В Греции V века, в Афинах великих трагиков, человеческое жертвоприношение, видимо, исчезло не полностью. Оно продолжалось в форме «фармака», которого город содержал за свой счет, чтобы в нужный момент принести его в жертву, прежде всего во время бедствий. Греческая трагедия, если бы мы спросили ее об этом, могла бы сообщить довольно примечательные сведения.
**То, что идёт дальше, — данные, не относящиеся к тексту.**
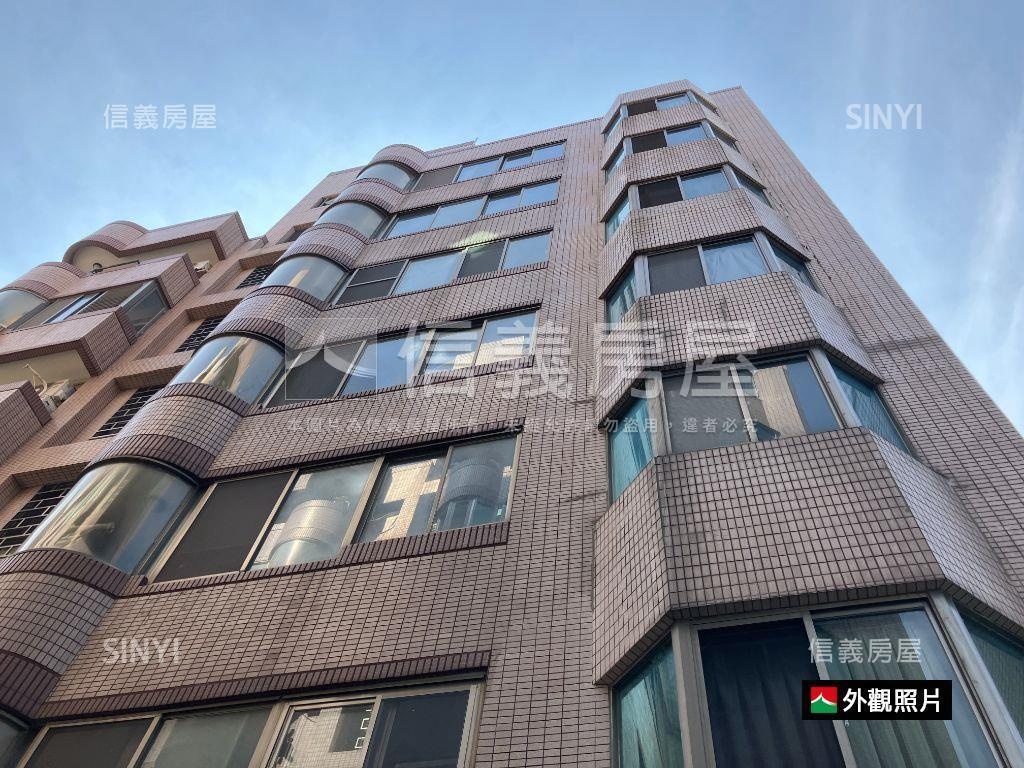 華平翠園４房有車位房屋室內格局與周邊環境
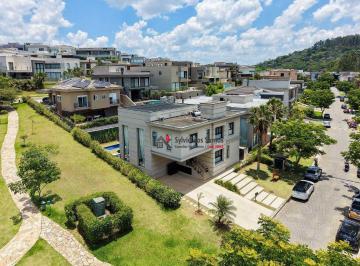 512ad9cad67086a69cf426f2074e7ffc4549fc90 · Casa com 5 dormitórios à venda, 400 m² por R$ 7.200.000,00 - Tamboré - Santana de Parnaíba/SP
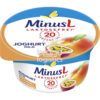 MinusL Fruchtjoghurt mild Pfirsich-Maracuja 150 g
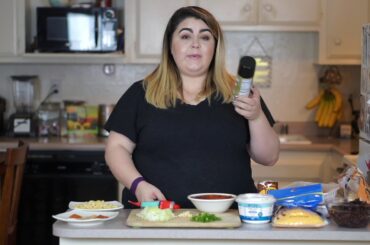 My Weight Loss Journey | Healthy Turkey Chili Recipe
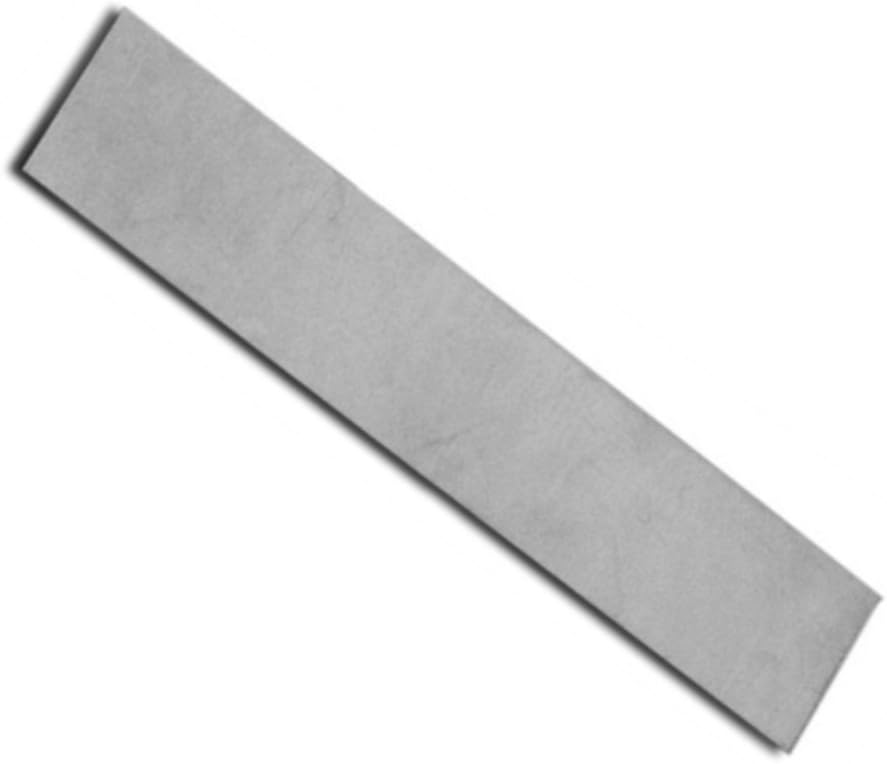 Plating Anode Nickel 1" X 6"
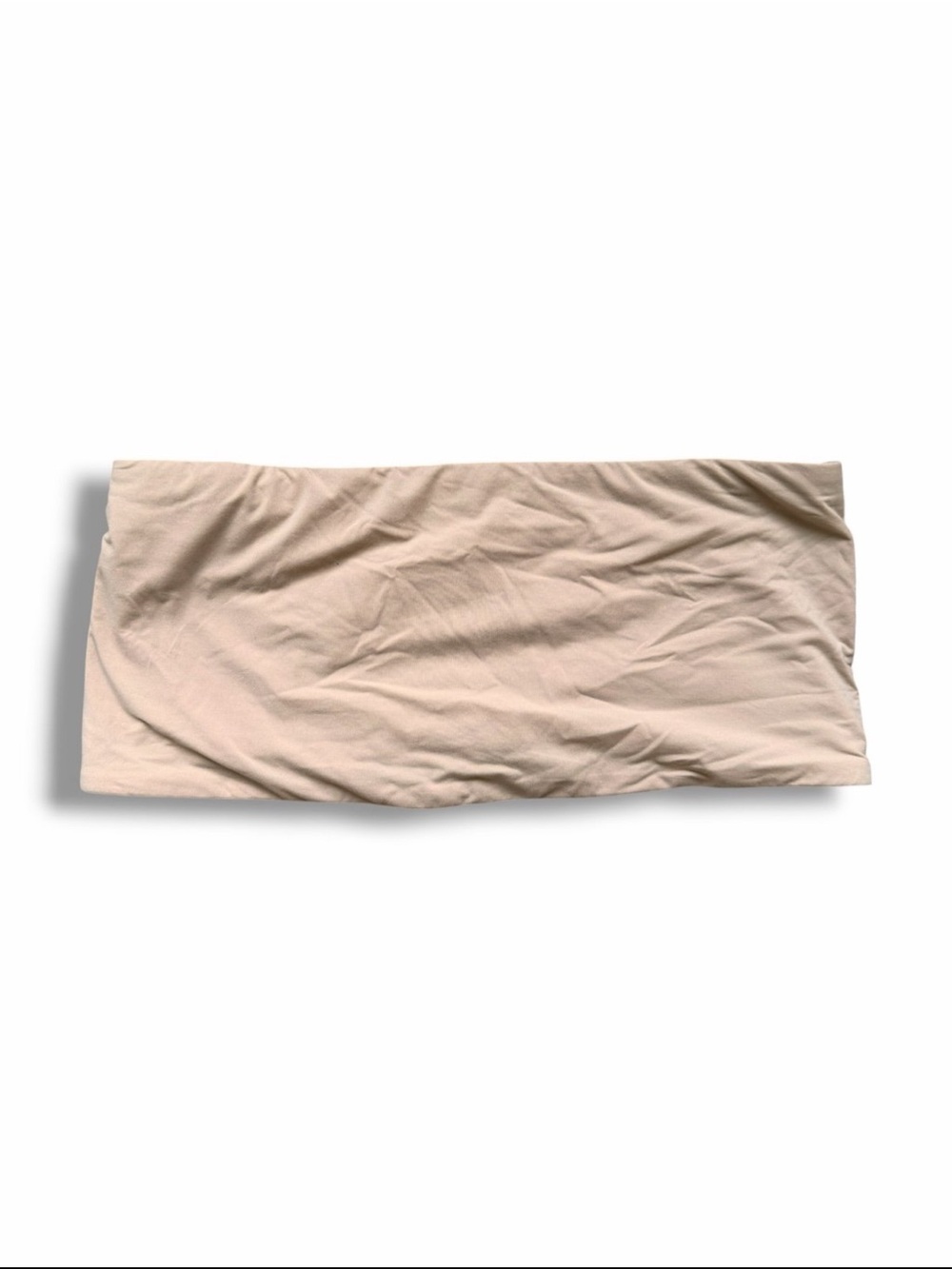 SKIMS Fits Everybody Bandeau XL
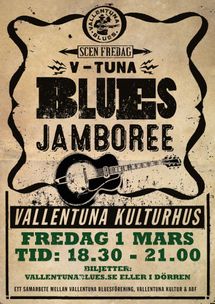 2024-03-01 Blues Jamboree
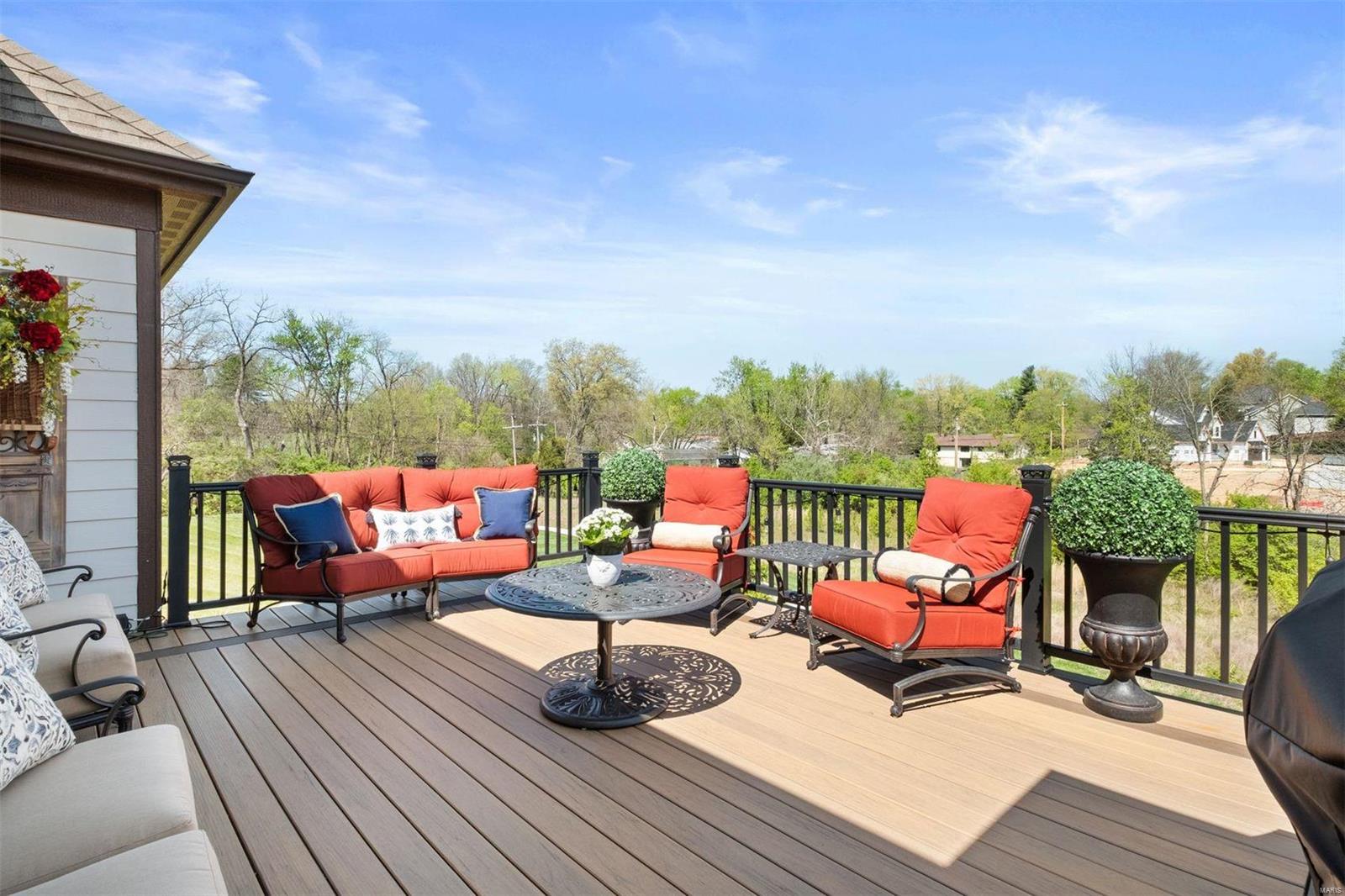 Creekside at Mason - Residential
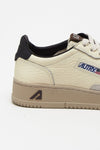 Sneakers MEDALIST LOW-AULW-LE15 in pelle women Autry - 6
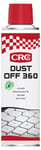 CRC Dust off 360, 125 ml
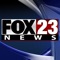 The FOX23 News app brings you Tulsa-area news, weather, sports, traffic, and more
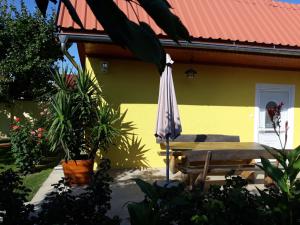 Ferienwohnungen Sattler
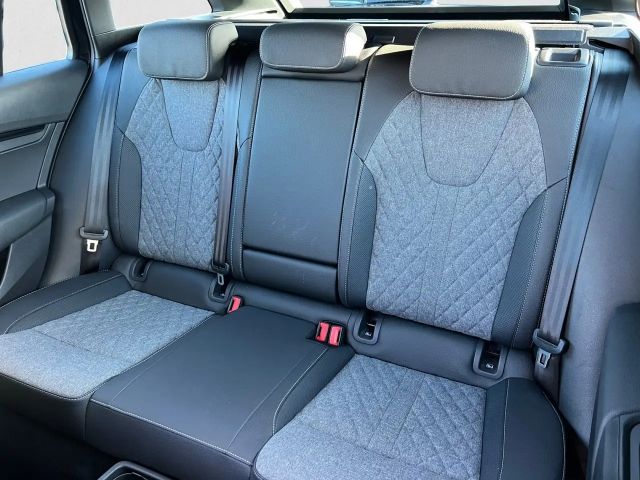 Skoda Octavia Combi Sportline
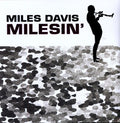Miles Davis: Milesin' - {VINYL LP}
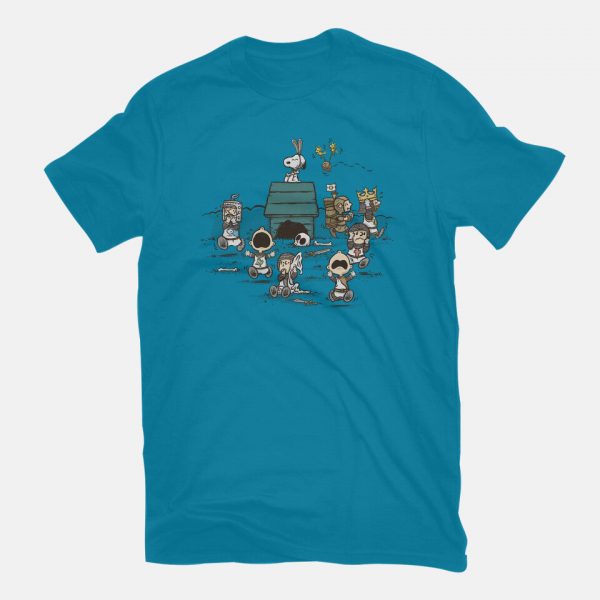 The Killer Beagle Of Caerbannog - Image 15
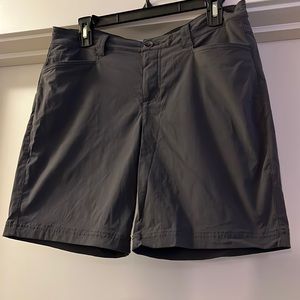 Eddie Bauer Horizon Shorts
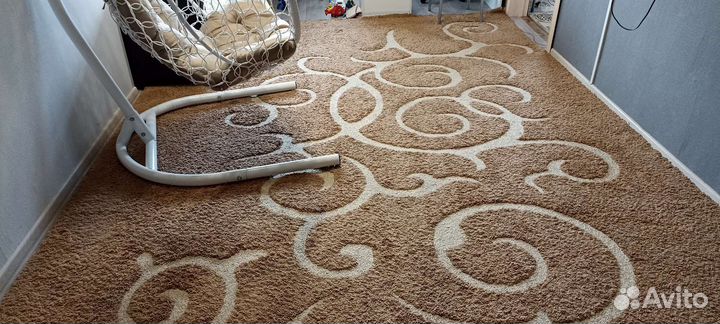 Ковры бу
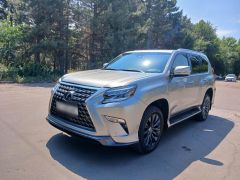 Фото авто Lexus GX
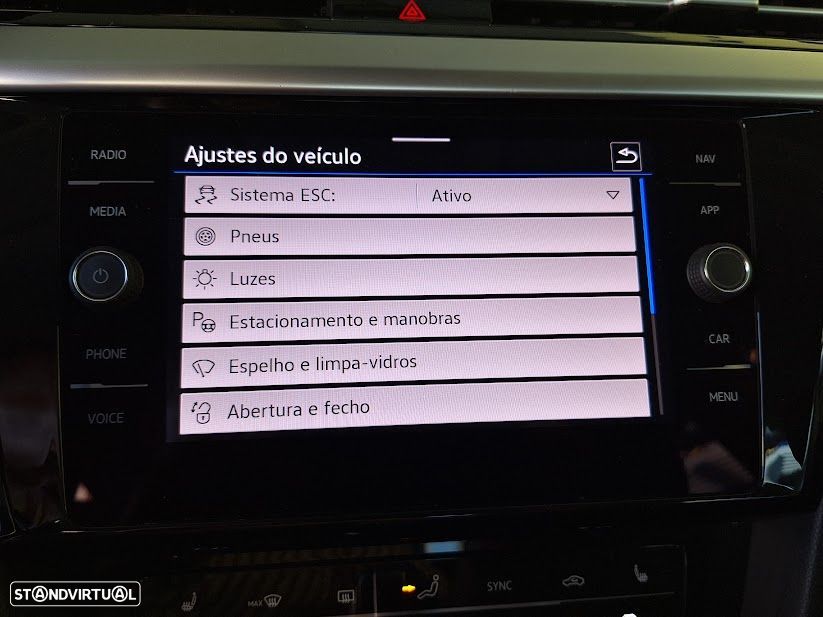 VW Arteon 2.0 TDI Elegance DSG - 28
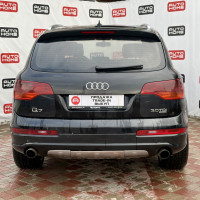 Audi Q7 — миниатюра 5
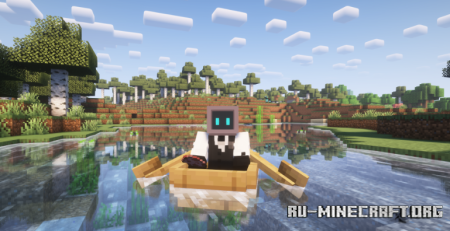  Riding Mouse Fix  Minecraft 1.21.11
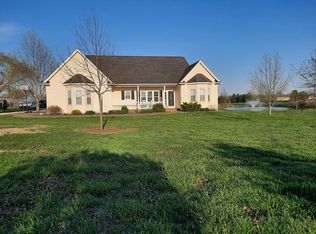 3600 Fehd Rd, Elberfeld, IN 47613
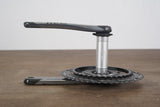 172.5mm 50/37T DUB SRAM Red AXS 12 Speed Crankset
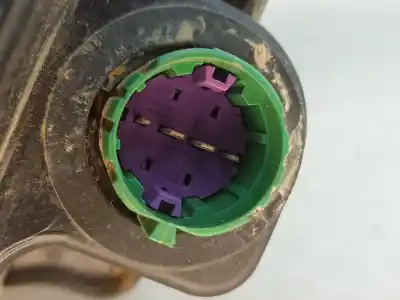 Автозапчастина б/у права фа для fiat 500 (312_) 1.2 (312axa1a) посилання на oem iam   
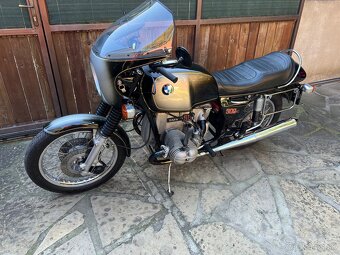 BMW R90S - 2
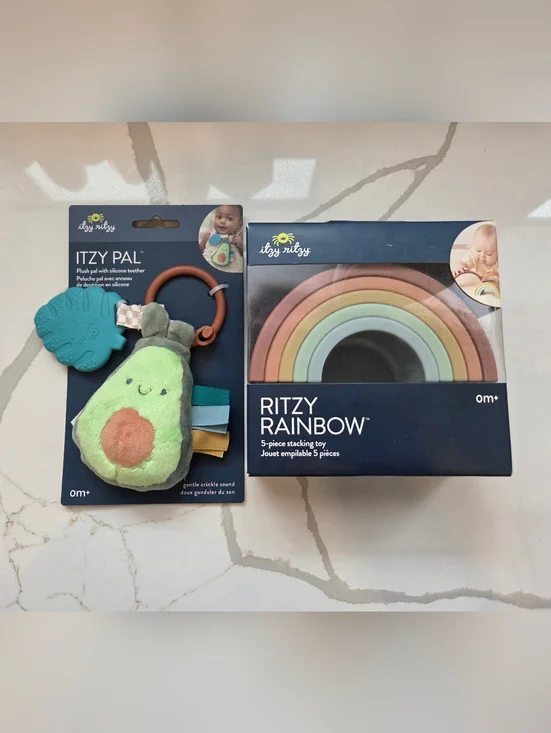 9m Boy Bundle - Picture 5 of 5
Например, ясно, что миф о Медее параллелен на уровне человеческого жертвоприношения мифу об Аяксе на уровне жертвоприношения животного. В «Медее» Еврипида принцип замещения одного человека другим выступает в самой варварской форме. Испуганная яростью Медеи, только что покинутой ее любовником [так!] Ясоном, кормилица просит дядьку держать детей подальше от матери:
А ты, старик, подальше
Держи детей от матери — она
Расстроена. Запечатлелась ярость
В ее чертах — и как бы на своих
Не вылилась она, увы! Не стихнет
Без жертвы гнев ее — я знаю. Только
Пускай бы враг то был, а не своя.
Подлинный предмет своей ненависти, находящийся вне досягаемости, Медея замещает собственными детьми. Могут возразить, что этот акт безумия несоизмерим с тем, что, по нашему мнению, можно отнести к сфере «религиозного». Но детоубийство легко поддается включению в рамки ритуала. Этот факт засвидетельствован слишком хорошо и в слишком многих культурах, включая греческую и иудейскую, чтобы можно было его не учитывать. Действия Медеи так же относятся к ритуальному детоубийству, как в мифе об Аяксе убийство скота — к животному жертвоприношению. Медея готовит смерть своих детей, как жрец — жертвоприношение. Перед убийством она произносит ритуальное предостережение, положенное по обычаю: призывает удалиться всех, кто своим присутствием мог бы помешать успеху обряда.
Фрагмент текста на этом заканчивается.